Dorm rooms are also VERY small. I know mine was. All I had in there was a single bed, a desk, a mini fridge, drawers, a very very small closet, and I had about 1mX1m free space :lol: which of course... held my chair. 

When I went off to university, I left my animals at home, and I satisfied myself with a beta fish in my dorm room(which refused to die, even 3 years later :lol: ). After first year, I got my own apartment, and moved my cats out with me, as well as my birds. And now my remaining cat stays with my mom and I have my hedgie travelling everywhere with me. I have my own car, I have money for my animals(and always 100% supported by my mom if I ever need help). 

Honestly, right now, in order for you to even think about getting a hedgie, is to make sure you have full support from your parents. Talk to them, make some plans. If you really want a hedgie right now, see if they would be willing to take care of the hedgie if you do move out to dorms.

I'm glad that you are asking this ahead of time, as many don't and end up having to give their hedgie away on craigslist or something.


----------



## Hedgieonboard

It would just depend on the college but most likely if you live in the dorms it will probably be no. When I was in college it was two people in a room so it makes it hard to control who has access to your hedgie when you are gone. Without fail there is always someone in a group that thinks it would be funny to feed something to a pet that is crazy and shouldn't be eatten or messing around for a laugh. Another thing is most dorms don't allow anything but a fish. Even if the dorm did allow it, dorm rooms are usually pretty small where the only space a hedgie can usually fit would be the closet which has bad ventillation. Another thing from memory is that freshman year is a big change and usually the amount of homework and assignments takes a lot of getting used to because of the amount of time and effort that goes into them. This depends on how many classes you take but I usually did 15-19 credit hours a semester which left sleep and food on stolen time. 

I'm not trying to be discouraging but sharing the experience as I remember it. I do give you big kudos for thinking of the future, you sound very mature for your age


----------



## silvercat

When I stayed in res there were no pets allowed. When I lived in apartments with friends, we were allowed pets but I wouldn't have risked it with the amount of people passing through & general university behaviour. 

That said, I'd like to comment that it's really great to see you thinking ahead. It shows your responsibility towards caring for a hedgehog.


----------



## hihihishite

It really does depends on where you go, who you live with, and where you live. The others have brought up some great points.

Personally, when I went to college I had a dwarf hamster in a large cage. Pets were definitely not allowed, but honestly no one cares as long as you don't go around showing/telling everyone. I bought my hamster after knowing the people I was living with, and with it being ok with my roommate. We lived in an apartment style dorm that had it's own bathroom so it was easier to clean and be discrete about it. I did live with one OCD korean that would be freaked out if I cleaned the cage in the tub, so there are people out there like that.

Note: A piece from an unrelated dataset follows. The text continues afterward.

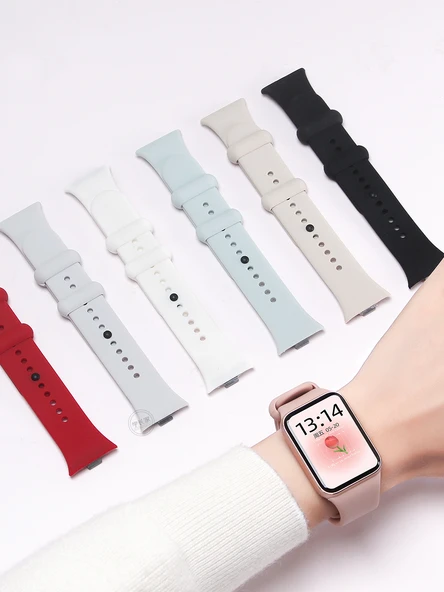 Xiaomi Bracelet 8 Pro Silikon Kordon - Kayısı Rengi - 6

If you live in a normal style dorm (which you probably will for at least a year), you will have a community bathroom with showers (not tubs) and everyone on the floor will know you have an animal. Most RAs (resident assistants) and other people don't care what you do, but you might end up with some lame people. You also need to be considerate to your roommate. Whoever you live with might turn out to be ok, but they may bring over some shady friends or throw wild parties. Crazy things happen in college.

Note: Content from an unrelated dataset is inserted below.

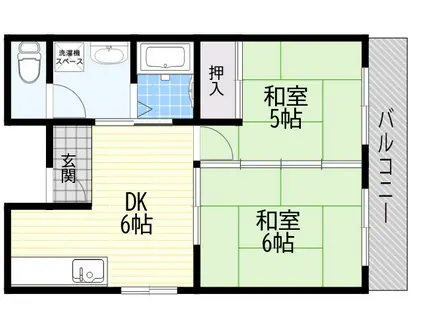 パティ建家町(2DK/4階)の間取り写真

It is a bad idea to bring an animal before knowing about your living situation. If you do eventually decide to bring a pet, make sure you have a backup plan in case you get busted. I never got busted, but I know some people with cats that did (the cat would sit in the window and housing saw). 

They won't expel you (they want your money!) but they will give you a week to find a new place for the animal. The worst they will do is kick you out of housing if you don't find a new place.

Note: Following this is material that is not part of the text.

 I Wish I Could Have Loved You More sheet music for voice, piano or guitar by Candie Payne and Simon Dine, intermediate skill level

Bring your animals home over breaks because housing inspects the place. The fire inspectors will come randomly over the year, but they thought my hamster was cute and didn't care. If you are worried, throw a blanket over the cage before they come. They're not allowed to go snooping through your stuff. Also consider that you may not be at the dorm when the alarms go off. The fire alarms are LOUD so your hedgehog will be subjected to that.


If you live off-campus you can do whatever you want as long as it's ok with the lanlord.

Edit: Some other things to consider...
Dorms are generally very warm, which will lead to some idiot opening the window and leaving it open all night.
You may not mind the constant running in the wheel at night, but light sleepers will be driven nuts.


----------



## hedgielover

When I was getting ready for University I couldn't afford the first payment they wanted me to make on the dorm so I ended up getting an apartment (plus I didn't like the idea of living in a dorm). For my situation the apartment was cheaper than paying for a dorm and a food plan. This has allowed me to have pets without worrying about hiding them. Also I don't have to move every year when the University closes for holidays and summer etc. 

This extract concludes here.